* To do *
Please restate each line of the material word for word and omit any pictures.

* Data block *
- - - - - - -

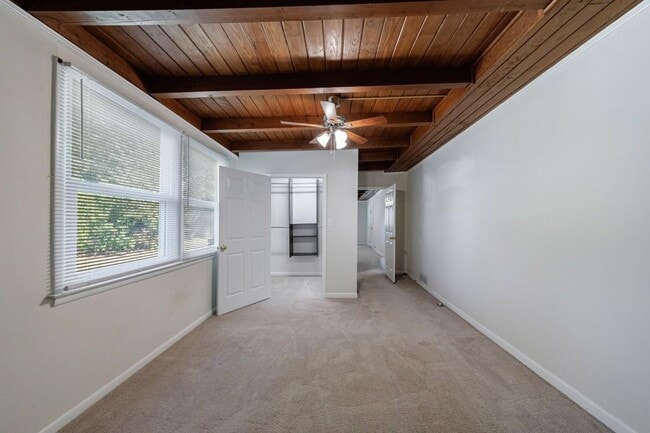Building Photo - 1238 Lindenwood Ln NE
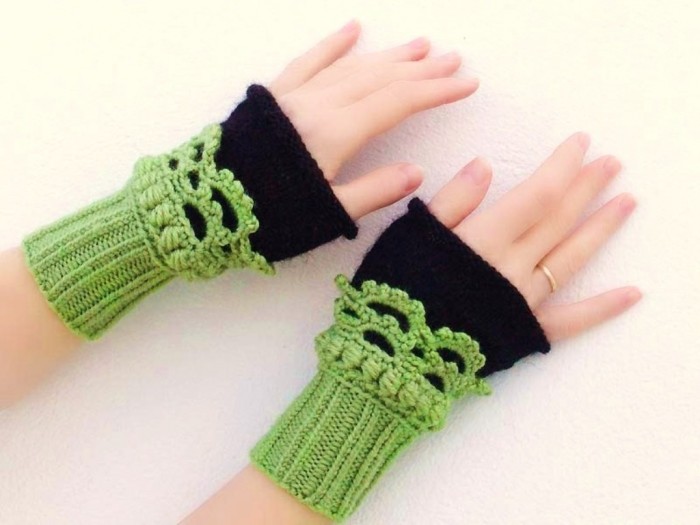 best-green-fingerless-crochet-mittens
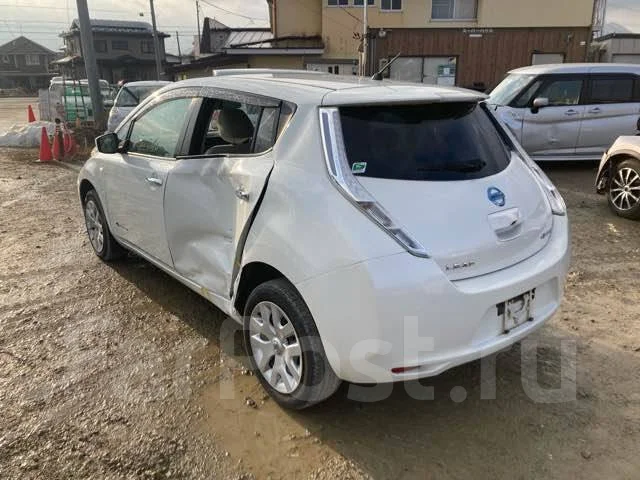 Nissan Leaf. AZE0 ZE0, EM57 ����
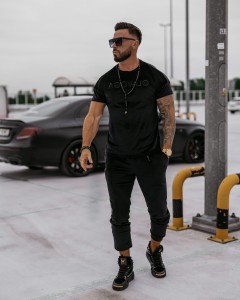 KOMPLET MĘSKI WELUROWY STRIKER CZARNY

- - - - - - -

* Answer to this problem *
Building Photo - 1238 Lindenwood Ln NE
 best-green-fingerless-crochet-mittens
 Nissan Leaf. AZE0 ZE0, EM57 ����
 KOMPLET MĘSKI WELUROWY STRIKER CZARNY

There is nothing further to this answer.